Author: Plinio (El joven.)
Publisher: Penguin UK
Published: 1963
Total Pages: 606
ISBN-13: 0140441271
DOWNLOAD EBOOK →A prominent lawyer and administrator, Pliny (c. AD 61-113) was also a prolific letter-writer, who numbered among his correspondents such eminent figures as Tacitus, Suetonius and the Emperor Trajan, as well as a wide circle of friends and family. His lively and very personal letters address an astonishing range of topics, from a deeply moving account of his uncle's death in the eruption that engulfed Pompeii, to observations on the early Christians - 'a desperate sort of cult carried to extravagant lengths' - from descriptions of everyday life in Rome, with its scandals and court cases, to Pliny's life in the country.
Author: Pliny (the Younger.)
Publisher: Oxford University Press
Published: 2009-02-26
Total Pages: 423
ISBN-13: 0199538948
DOWNLOAD EBOOK →"In the introduction to his new translation, P.G. Walsh examines the background to these often intimate and enthralling letters."--Jacket.
Author: Jo-Ann Shelton
Publisher: Routledge
Published: 2013
Total Pages: 447
ISBN-13: 0415374286
DOWNLOAD EBOOK →The large collection of letters by Pliny the Younger includes a number of women among its addressees, and Pliny also gives us plentiful information about many women of his acquaintance. This book brings together this material to build up a portrait of a peer-group of women in their social setting.
Author: Roy K. Gibson
Publisher: Cambridge University Press
Published: 2012-03-22
Total Pages: 363
ISBN-13: 110737703X
DOWNLOAD EBOOK →This is the first general introduction to Pliny's Letters published in any language, combining close readings with broader context and adopting a fresh and innovative approach to reading the letters as an artistically structured collection. Chapter 1 traces Pliny's autobiographical narrative throughout the Letters; Chapter 2 undertakes detailed study of Book 6 as an artistic entity; while Chapter 3 sets Pliny's letters within a Roman epistolographical tradition dominated by Cicero and Seneca. Chapters 4 to 7 study thematic letter cycles within the collection, including those on Pliny's famous country villas and his relationships with Pliny the Elder and Tacitus. The final chapter focuses on the 'grand design' which unifies and structures the collection. Four detailed appendices give invaluable historical and scholarly context, including a helpful timeline for Pliny's life and career, detailed bibliographical help on over 30 popular topics in Pliny's letters and a summary of the main characters mentioned in the Letters.

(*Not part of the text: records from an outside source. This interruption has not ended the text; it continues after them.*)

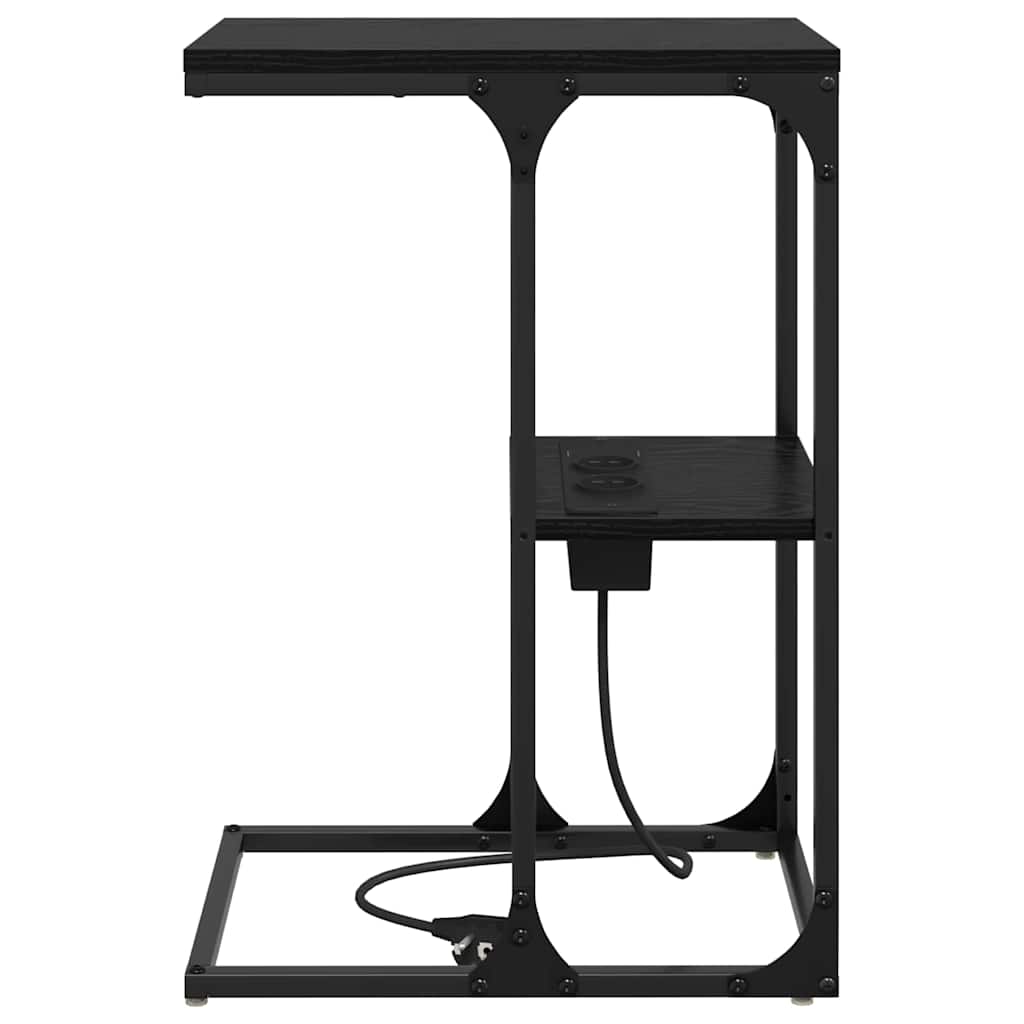 Nachttisch Schwarze Eiche 41,5 x 26 x 60,5 cm Holzwerkstoff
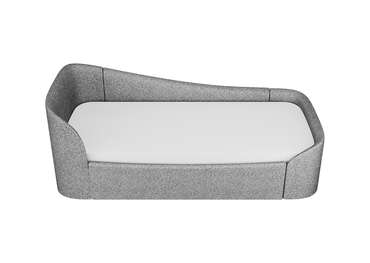 Диван-кровать Kidi Soft 90х200 серого цвета с низким изножьем 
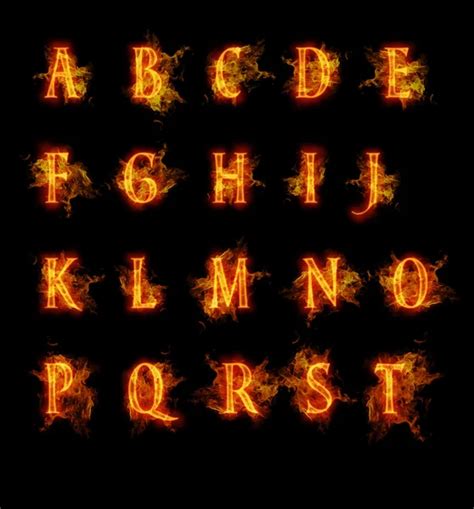 Gothic fire font - letter G — Stock Photo © silverkblack #1434832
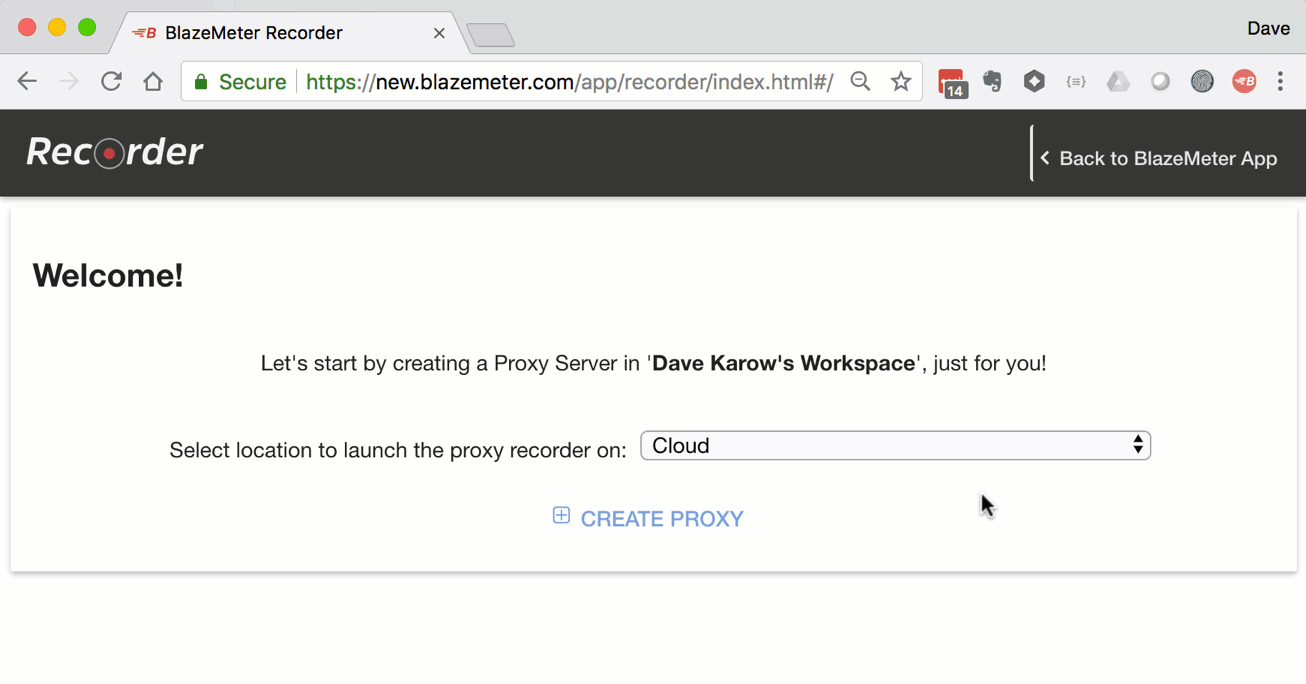 blazemeter proxy recorder updates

Author: Pliny (the Younger.)
Publisher:
Published: 1990
Total Pages: 173
ISBN-13: 0856684082
DOWNLOAD EBOOK →Pliny's letters sent to Trajan from Bithynia, and Trajan's replies are the only surviving file of letters between a provincial governor and his emperor. The edition makes this record accessible to even those with no knowledge of Latin.
Author: Roy K. Gibson
Publisher: Cambridge University Press
Published: 2012-03-22
Total Pages: 363
ISBN-13: 0521842921
DOWNLOAD EBOOK →Situates Pliny's Letters within the letter-writing tradition, offers new readings of favourite letters, and emphasises the importance of understanding letters within the context of original books or informal 'cycles'. For advanced undergraduates, postgraduates and scholars interested in the study of ancient letters and imperial Latin literature.
Author: Ilaria Marchesi
Publisher: Cambridge University Press
Published: 2011-06-30
Total Pages: 0
ISBN-13: 9780521296977
DOWNLOAD EBOOK →In this book on intertextuality in Pliny the Younger, Professor Marchesi invites an alternative reading of Pliny's collection of private epistles: the letters are examined as the product of an authorial strategy controlling both the rhetorical fabric of individual units and their arrangement in the collection. By inserting recognisable fragments of canonical authors into his epistles, Pliny imports into the still fluid practice of letter-writing the principles of composition and organisation that for his contemporaries characterised other writings as literature. Allusions become the occasion for a metapoetic dialogue, especially with the collection's privileged addressee, Tacitus. An active participant in the cultural politics of his time, Pliny entrusts to the letters his views on poetry, oratory and historiography. In defining a model of epistolography alternative to Cicero's and complementing those of Horace, Ovid and Seneca, he also successfully carves a niche for his work in the Roman literary canon.